Enjoy the full transcript below

Sarah: What if it was absolutely possible to get that for yourself and stepping you one step after another towards that goal?

[DocWorking theme]

Jen: Welcome to DocWorking: The Whole Physician Podcast. I’m Dr. Jen Barna, and today, I have a terrific guest, Dr. Sarah Smith. Dr. Smith is the Charting Coach for physicians and a Practicing Rural Family Physician in Alberta, Canada. Sarah is the founder of the Charting Champions Program helping more than 150 physicians in the specific area of getting home with their charting done. Sarah has a passion for reducing burnout and overwhelm resulting from the administrative burden of clinical medicine using evidence-based coaching to help physicians find their most simple solutions within the clinical environment that they work in. Dr.
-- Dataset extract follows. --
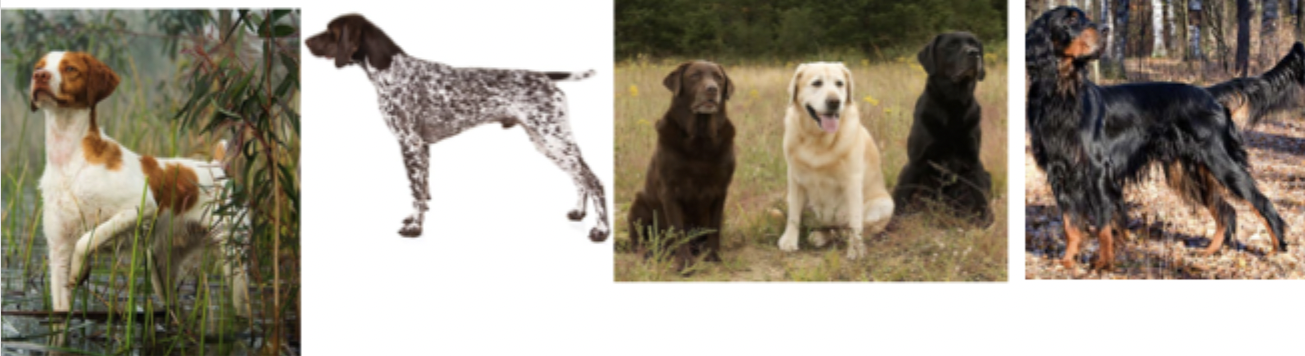 <p>These dogs belong to which breed group?</p>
Sarah Smith, welcome to DocWorking: The Whole Physician Podcast.

Sarah: Well, thank you for having me.

Jen: Please tell me a little bit about your story, and how you came to appreciate efficiency, and what led you to develop a coaching program around charting efficiencies.
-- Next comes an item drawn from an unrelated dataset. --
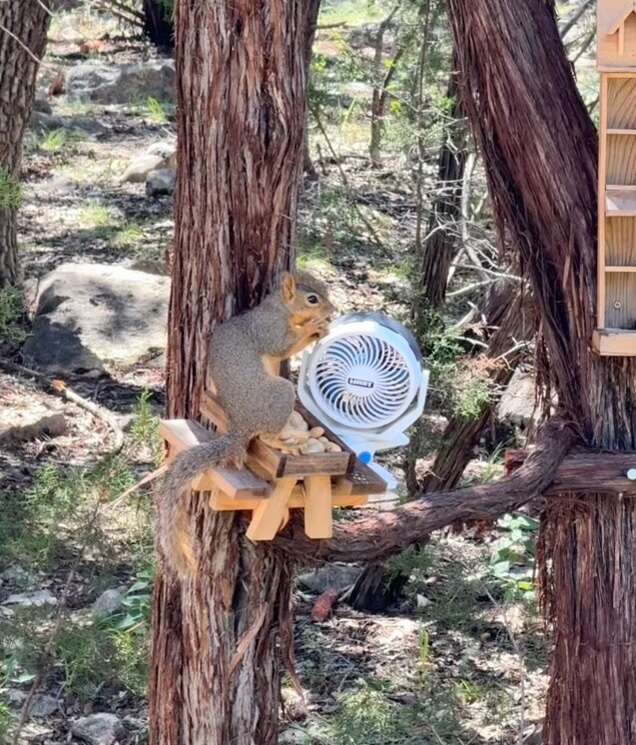 Squirrels were struggling in a heat wave. She made them a ‘squirrel spa.’ Texarkana Gazette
Sarah: Absolutely. I am a Family Physician trained in Australia initially and came to Canada eight years ago. So, I am a Rural Family Physician and still practicing mid-career. You could call me, I think, I’m 20 years on the job now. So, at about the 15-year mark, I thought, it should have been better than this. I was still in the office hours after the last patient left, and I really wanted to be home, and then, I knew when I got home, I would still have hours and hours of paperwork in charting left to do. It was impacting my ability to sleep, enjoy my family, and I really thought I should be better at this by now. At the time, I was looking for help, and really the physician coaches that I came across were all helping us leave medicine. When I asked my mentors, they were just saying, “Come in on Sundays,” and that was their answer to this paperwork and charting problem. Neither of those were what I wanted. I still really enjoyed my patients, but I really wasn’t enjoying the paperwork or charting.
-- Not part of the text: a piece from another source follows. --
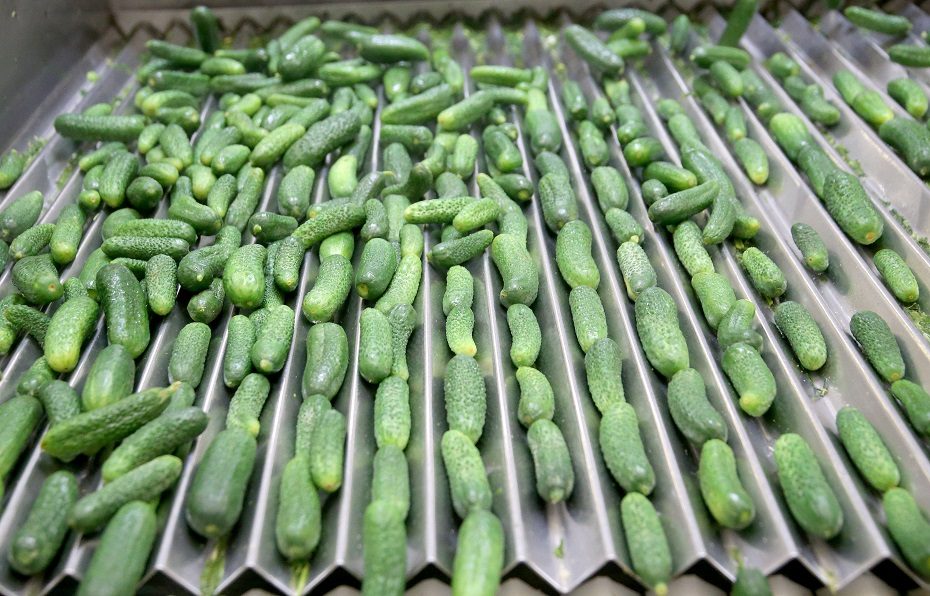 Devynioliktas agurkų sezonas: „Kėdainių konservų fabrike“ darbas virte verda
I came across Life Coaching from a general life coach perspective. She said, “She could help me with any problem,” and I’m like, “But you don’t understand charting and paperwork.” Through the process of about 18 months of figuring out the efficiency charting, I was able to get home after the last patient left with everything done. That was a huge amount of time I got back. It created so much time and space for family, for relaxation, restoration weekends. I actually felt like, I could have this distinction between working time and not working time. So, in the process of that, I did want to go and give this back to my fellow physicians. This is such a gift to be able to create time and to be able to get work done within work hours. So, I did certify as a Life Coach, and started helping physicians from a broad range of backgrounds. 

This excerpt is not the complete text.